At the very top of your .procmailrc,

BINARY=$0

:0
* BINARY ?? ^^/
* ! $ BINARY ?? ^^()$HOME
| $HOME/bin/procmail # or whatever your path

Translation: if procmail is called by an absolute path but that path does
not begin with your $HOME, feed the message to your own procmail binary.  If
procmail is called with just a basename or a relative path, we assume that
it's you at a shell prompt or another script of yours doing the invoking and
that we already are using the version earliest in your $PATH or the one you
named on the command line, so we stick with whatever is running.

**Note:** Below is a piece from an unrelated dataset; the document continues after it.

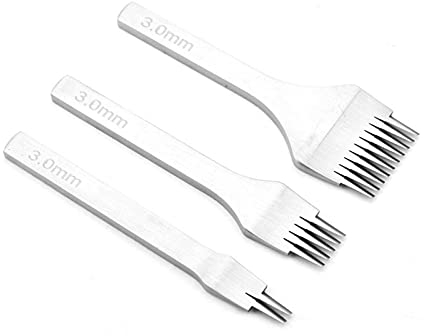 Ledermeißel, Leder-Lochzange, Weißer Stahl 2/5/10 Stanzzinken-Werkzeug-Set, Schnür-Nähmeißel-Set für Lederhandwerk, Stanzarbeiten (Abstand 3,0 mm)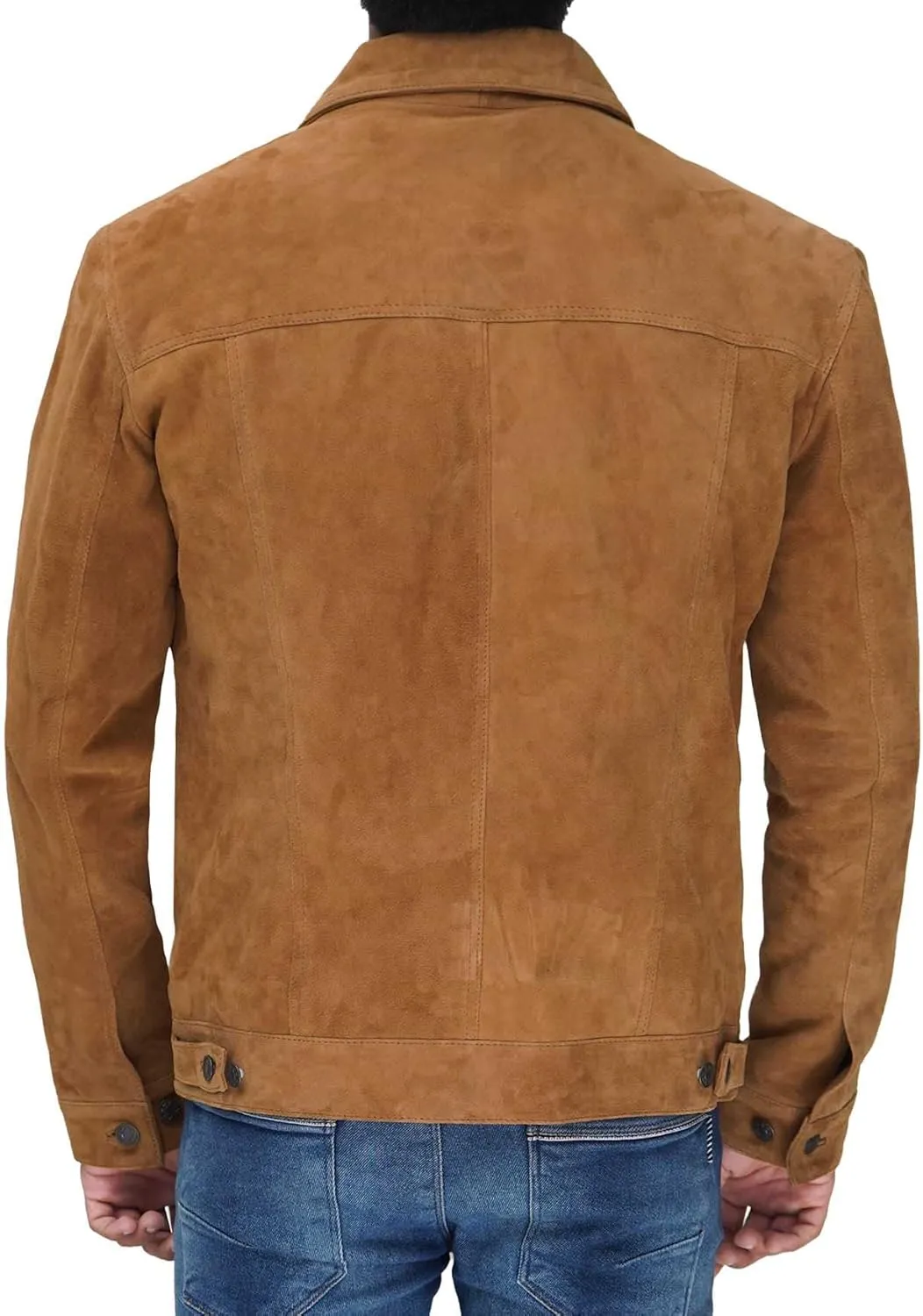Decrum Leather Suede Jacket Men  Real Lambskin Vintage Style Suede Trucker Jacket Men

If you ever specifically do want to run the system copy, you can invoke
it like this (with however many ../ it takes to get from your current
directory to the root directory, and too many can't hurt),

 ../../../usr/local/bin/procmail

If my assumption is wrong, here's an alternative.  When you compile your
personal copy, set the default rcfile name to something different from
$HOME/.procmailrc.  Then link your .procmailrc to that name and check which
binary is running this way:

 RCFILE = $_

 :0
 * RCFILE ?? ^^(.*/)?\.procmailrc^^
 | $HOME/bin/procmail # or whatever the path to your own copy

Either way, the problem is that there is no good way to find out whether the
system version already running on that message is is the same version as your
personal copy or a newer version than yours.  If it is, you'll want to handle
your recipes in it instead of forking your personal copy.  [Yet another rea-
son to have a $PROCMAIL_VERSION variable built in.]  You can extract it from
the output of procmail -v, but then you're always running an extra process.